§ Information shown
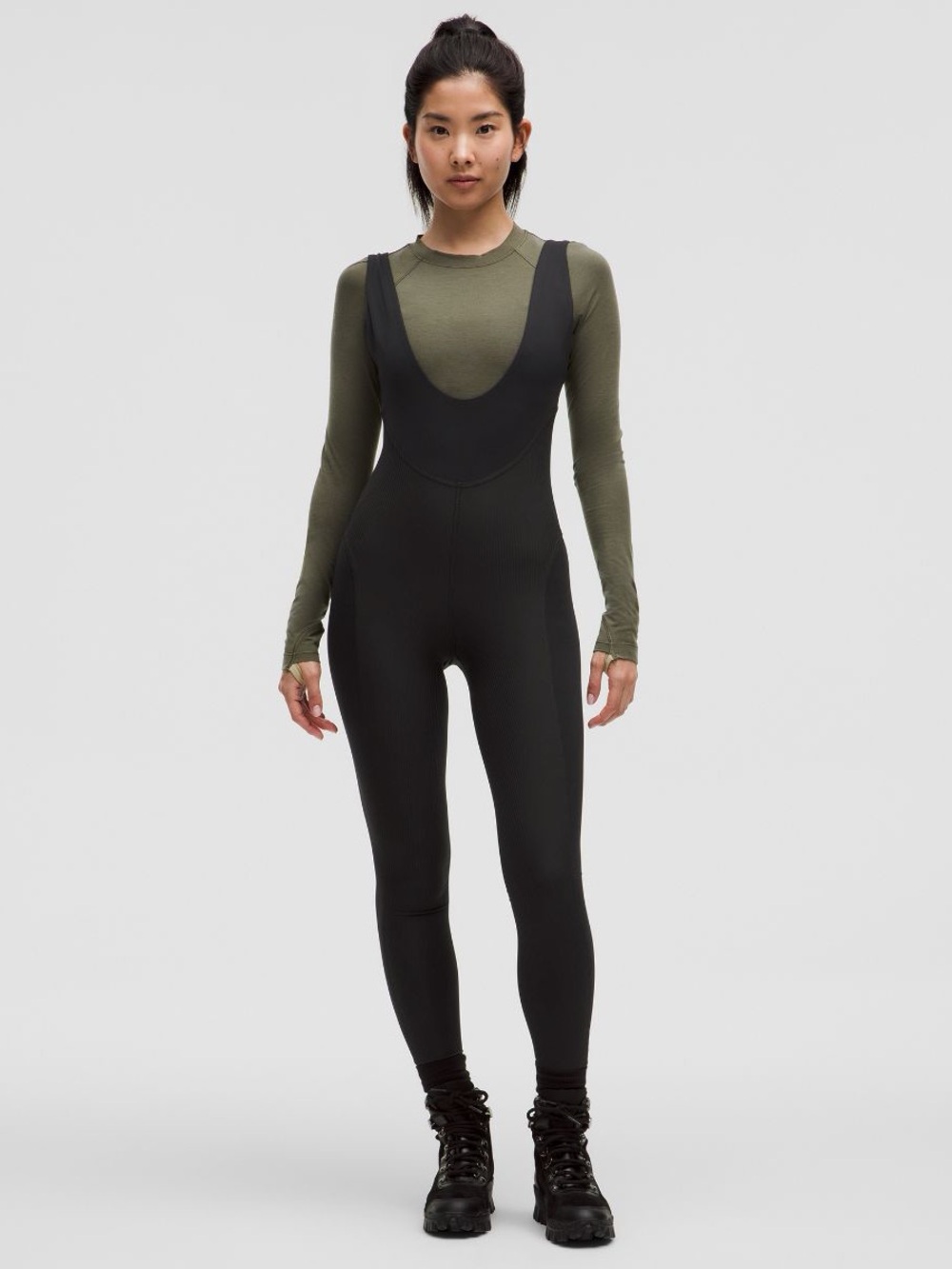 NWT Lululemon Ribbed Nulux Skiing Bodysuit Asia Fit - Garnet Red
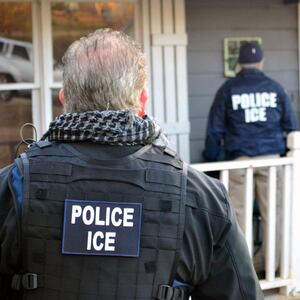 ICE at someone's home in 2017 in Atlanta, Georgia.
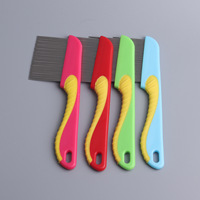 Peigne anti-tiques et puces à dents longues avec manche en plastique antidérapant, brosse pour le visage du chien à dents fines, peigne à puces en acier inoxydable, peigne à poux pour les pellicules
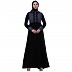 Dual colored abaya with Baby collar- Black-Grey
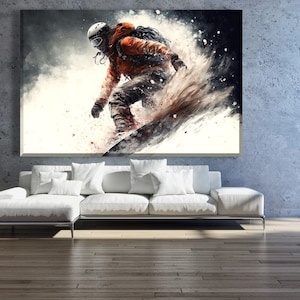 Snowboarder Wall Art, Chalet Wall Art, Stampa su tela di sport estremi, Poster di sport invernali, Tela di montagna innevata, Regalo per snowboarder
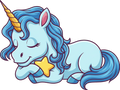Cartoon unicorn with blue hair and a yellow star, on a white background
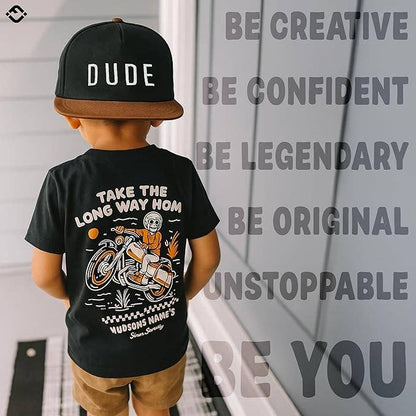 Flat Brim Trucker Hat - Dude - Black/Faux Leather: Infant (0-12 Months)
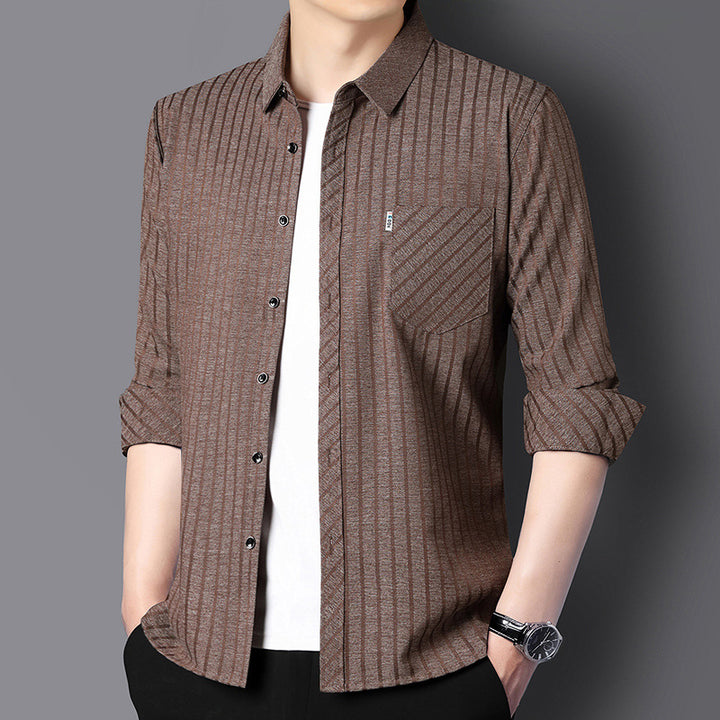 Casual long-sleeved shirt for men with modern striped pattern Lune London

§ What to work on
In the listing above, find the line with "ICE at someone's" and output every line through the one with "Dual colored abaya", exactly, without the pictures.

§ Written response
 ICE at someone's home in 2017 in Atlanta, Georgia.
 Peigne anti-tiques et puces à dents longues avec manche en plastique antidérapant, brosse pour le visage du chien à dents fines, peigne à puces en acier inoxydable, peigne à poux pour les pellicules
 Dual colored abaya with Baby collar- Black-Grey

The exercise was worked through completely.